(Collection entries)

- - - - - - -

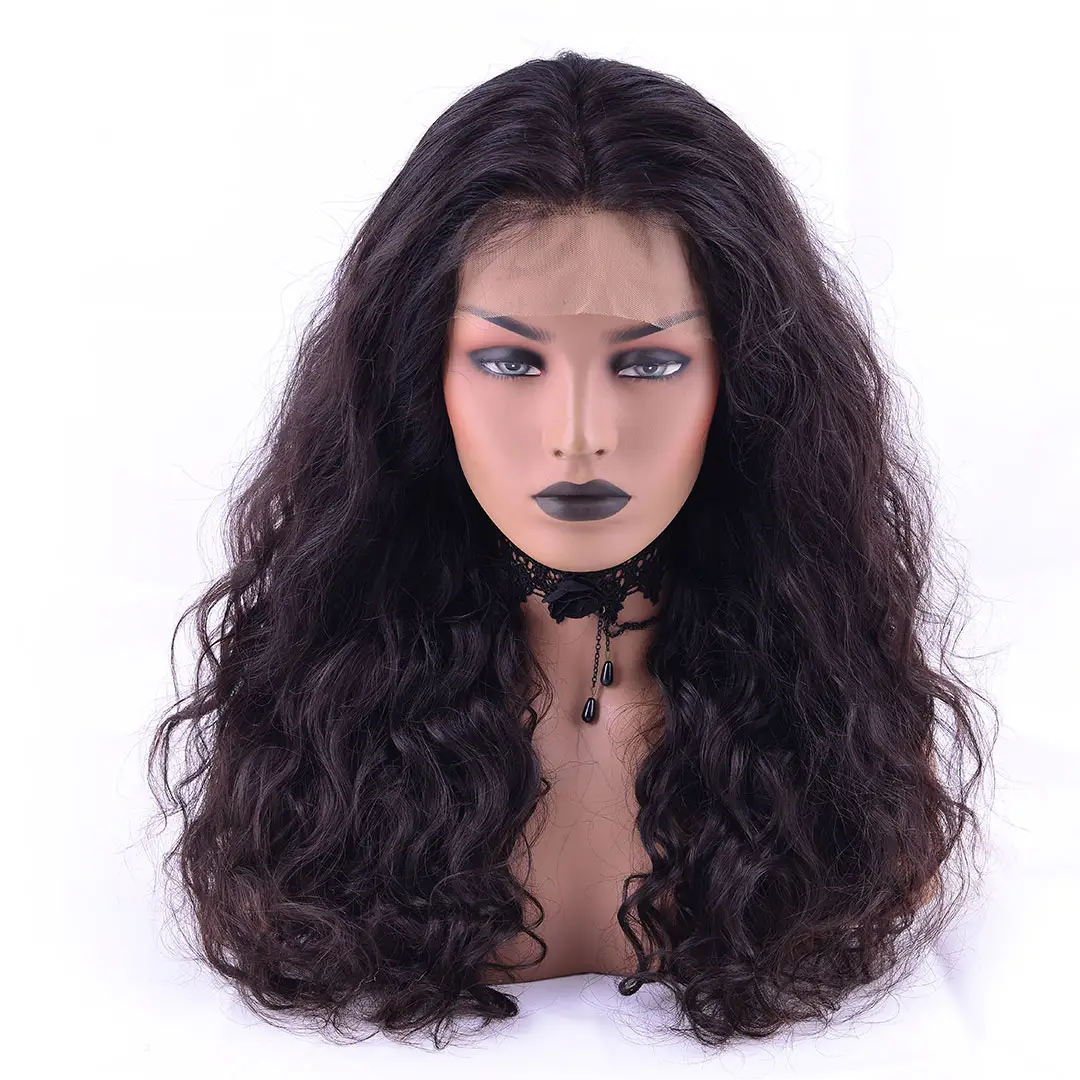 Perruque Full Lace Wig naturelle indienne, cheveux humains vierges, avec Baby Hair, pour femmes noires, densité 150% et 180%, HD, vente en gros
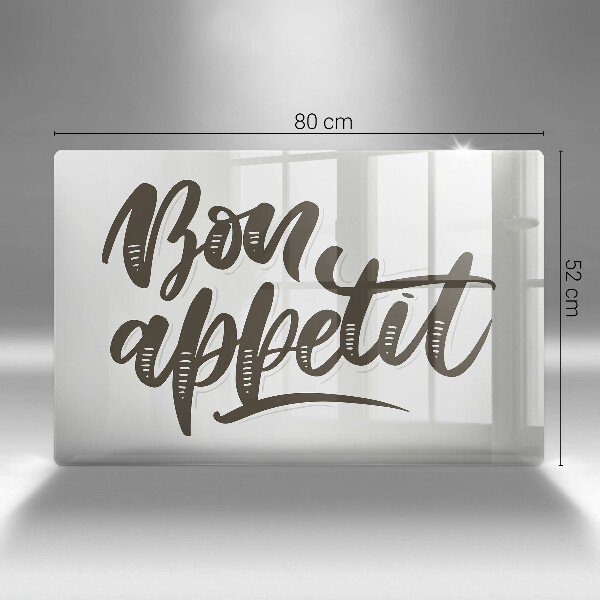 Üveg vágódeszka Bon Appetit felirat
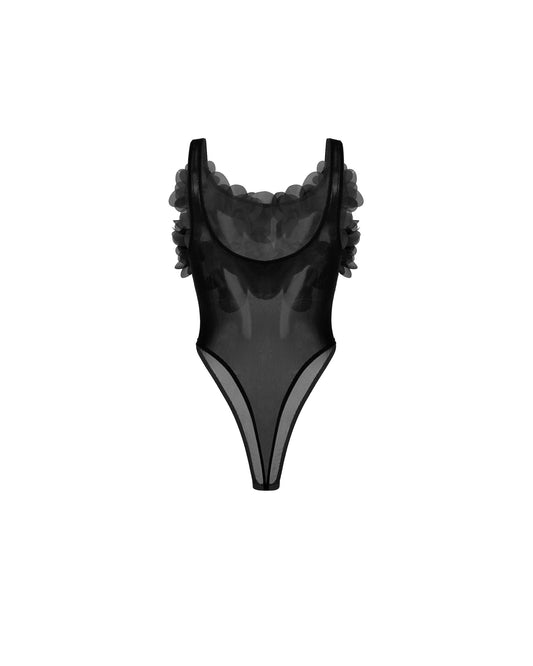 TINY BLACK PEONY BODYSUIT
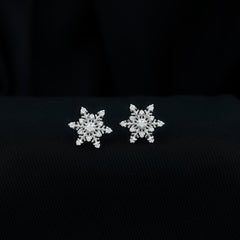 Certified Moissanite Snowflake Stud Earrings For Christmas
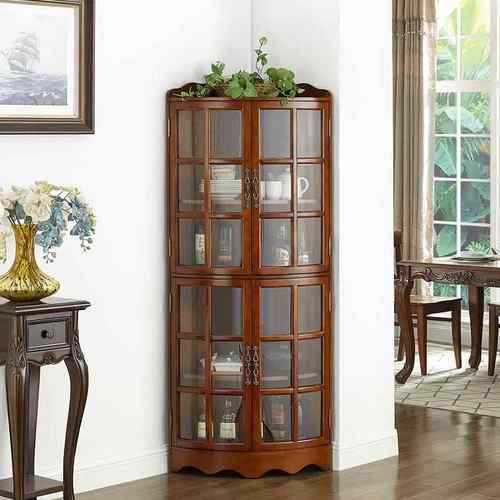 约实木角柜纳墙柜客厅置物角简架玻璃收66666小酒柜转角柜拐角边角柜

- - - - - - -

Description of the task → Here the lines from the one with "TINY BLACK PEONY BODYSUIT" through the last line of the data above need to be repeated exactly, both included, and any picture omitted.

Answer below →
 TINY BLACK PEONY BODYSUIT
 Certified Moissanite Snowflake Stud Earrings For Christmas
 约实木角柜纳墙柜客厅置物角简架玻璃收66666小酒柜转角柜拐角边角柜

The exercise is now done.